Sitting in America’s backyard, Latin America presents an opportunity for additional regional engagement. According to Secretary of State Hillary Clinton, “There is no part of the world that is more closely linked with who we are as Americans and what kind of future we want for our children than this hemisphere, and in particular, in Latin America.” We have a history of establishing partnerships with Latin America on innovative development projects like Plan Colombia, which go across the spectrum of national security, economic prosperity, and humanitarian issues.
Plus, the region has shown signs of improvement towards building economic prosperity as poverty declined from 49 percent to 31 percent in the last 20 years. As part of a series on Latin America sponsored by Rep. Sam Farr (D-CA) on January 23, USAID Chief Innovation Officer Maura O’Neill highlighted the Haiti Mobile Money Initiative, which was implemented following the devastating 2010 earthquake. This innovative program broadens financial services to Haitians by utilizing mobile technology and has the potential to work throughout Latin America to assist citizens with easier methods to handle their finances. In addition to these innovative efforts, the U.S. works towards improving disaster management capabilities for partners in Latin America. USAID has collaborated with Paraguay to put an end to wildfires and has also partnered with Brazil to improve food security.
The U.S. is also working closely with Latin America on mutual national security issues. For example, programs like Plan Colombia demonstrate the success of engagement these critical areas. The Obama administration could use the success of a Plan Columbia as a guide to build on programs that we already have in place in Latin America that will have a positive impact towards improving the lives of many. U.S. Southern Command, which has responsibility for Latin America, has worked across agencies in the past specifically through Plan Colombia and through its successor the Colombian Strategic Development Initiative.
The State Department has also provided guidance to Mexico through the Merida Initiative to build capacity against drug trafficking. In fact, according to Army Maj. Gen. Francis G. Mahon, U.S. Northern Command’s director for strategy, plans and policy, the U.S. continues to collaborate with interagency partners and the Mexican army through the Merida Initiative to tackle drug trafficking, noting that, “The end state for Mexico, from our perspective, is that we are their strategic partner of choice in the region, and they are a regional partner who can then assist other nations in the region or respond to other crises in the region, for example through humanitarian assistance or disaster relief.”
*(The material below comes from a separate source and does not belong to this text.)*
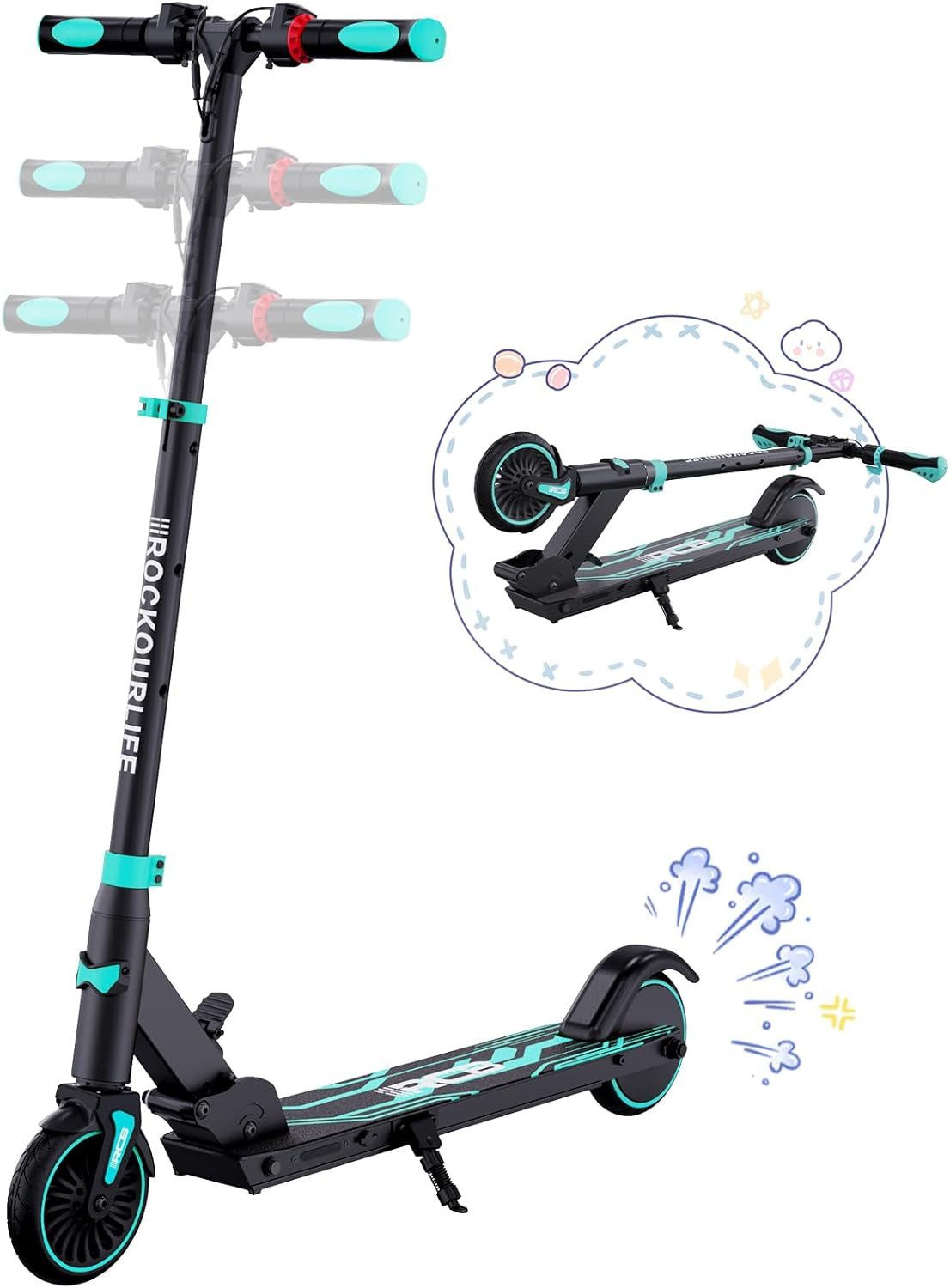 Athlix E-Scooter Elektroroller für Kinder ab 6 Jahren, 20km/h R15 E-Scooter, 20km/h schnell, 12–16 km Reichweite, für 115–165 cm Körpergröße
Latin America continues to face serious challenges that require a “smart power” response of utilizing the work of our civilian professionals to improve the lives of millions. Will 2013 prove to be a year of opportunity for the United States to strengthen its reach and influence in the region? Only a “smart power” crystal ball can say for sure, but Secretary of State John Kerry has already expressed hope to “build on what Secretary Clinton has done and the Obama administration has already done in order to augment our efforts in that region.”
What is certain is that we have witnessed past successes of U.S. development programs in this region, and that deploying new innovative development and diplomacy policies could build on those successes in this strategically important region. Opportunity is knocking at the door. Will America answer?